Spinal Cord Injury Scarring and Inflammation: Therapies Targeting Glial and Inflammatory Responses
Neurotherapeutics, 2018 · DOI: https://doi.org/10.1007/s13311-018-0631-6 · Published: May 1, 2018
Simple Explanation
Following spinal cord injury (SCI), the body initiates a secondary cascade of vascular, inflammatory, and biochemical events that further disrupt neuronal function. These events activate glial cells, including astrocytes, fibroblasts, pericytes, Schwann cells, and microglia, leading to endogenous pathological and reparative processes in the injured central nervous system (CNS).
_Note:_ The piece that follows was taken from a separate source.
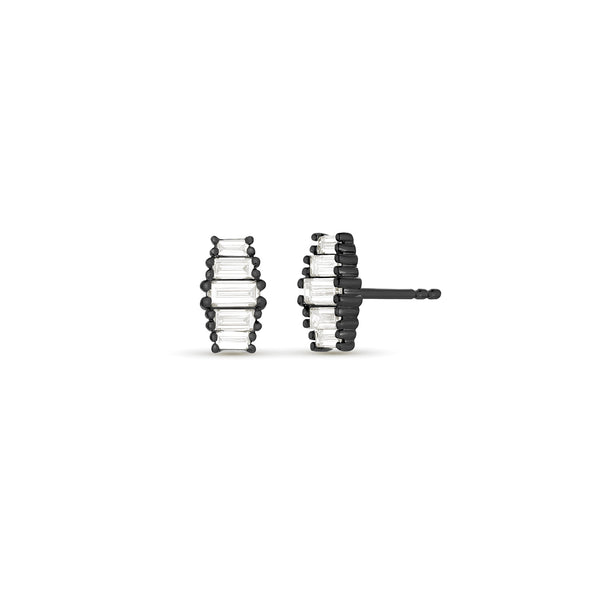 Dominique Cohen graduated baguette diamond shorty earring in 18k black gold<span class='visuallyhidden'>; shop help at 760-978-9297.</span>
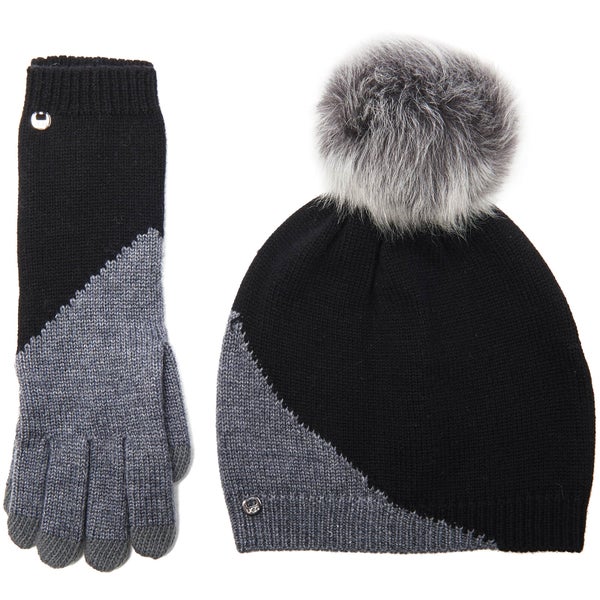 UGG Women's Fine Gauge Colourblock Beanie & Smart Glove Set - Black Mix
Therapeutic strategies aim to replace, dampen, or alter their activity to modulate SCI scarring and inflammation and improve injury outcomes.
Key Findings
- 1SCI triggers diverse glial activation and cellular recruitment with complex downstream effects on neuronal function.
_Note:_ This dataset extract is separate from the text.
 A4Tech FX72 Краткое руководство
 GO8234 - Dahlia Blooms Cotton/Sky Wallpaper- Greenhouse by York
- 2The glial scar is important for neurotrophin production, debris clearance, blood brain barrier repair, and toxic species sequestration to the injury site.
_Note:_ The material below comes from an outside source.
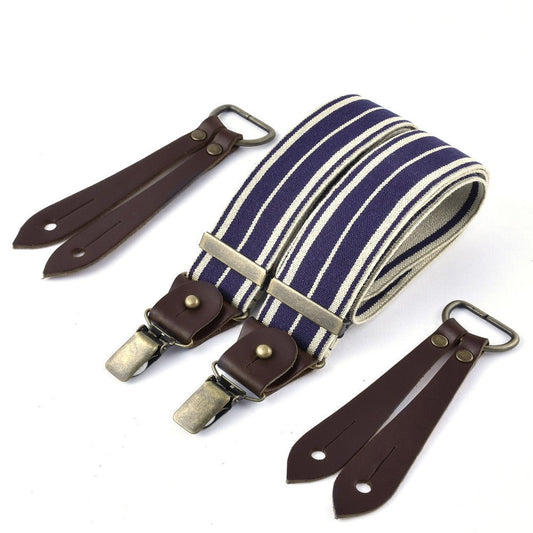 BertellesBertelles suspenders Ecru stripe on navyBracesBritish Parts Lucerne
- 3Macrophages not only can increase axon regeneration and neuronal function but can also exacerbate tissue destruction
Research Summary
Practical Implications
Targeting CSPGs
Breaking down inhibitory extracellular matrix molecules like CSPGs with enzymes such as chondroitinase ABC facilitates axon regeneration and functional recovery.
Astrocyte Transplantation
Transplanting astrocyte stem cells can suppress scar formation and promote a permissive environment for axon growth.
Immunomodulation
Immunomodulatory approaches are being developed to potentiate reparative microglia and macrophage activation within the injured spinal cord.
Study Limitations
- 1Data is limited regarding SCI scar formation in humans.
- 2Conflicting reports suggest that the prominence of the astrocytic glial scar varies between species with less astrocytosis in humans.
- 3The cellular sources and extracellular components of the glial and fibrotic scars are still being identified.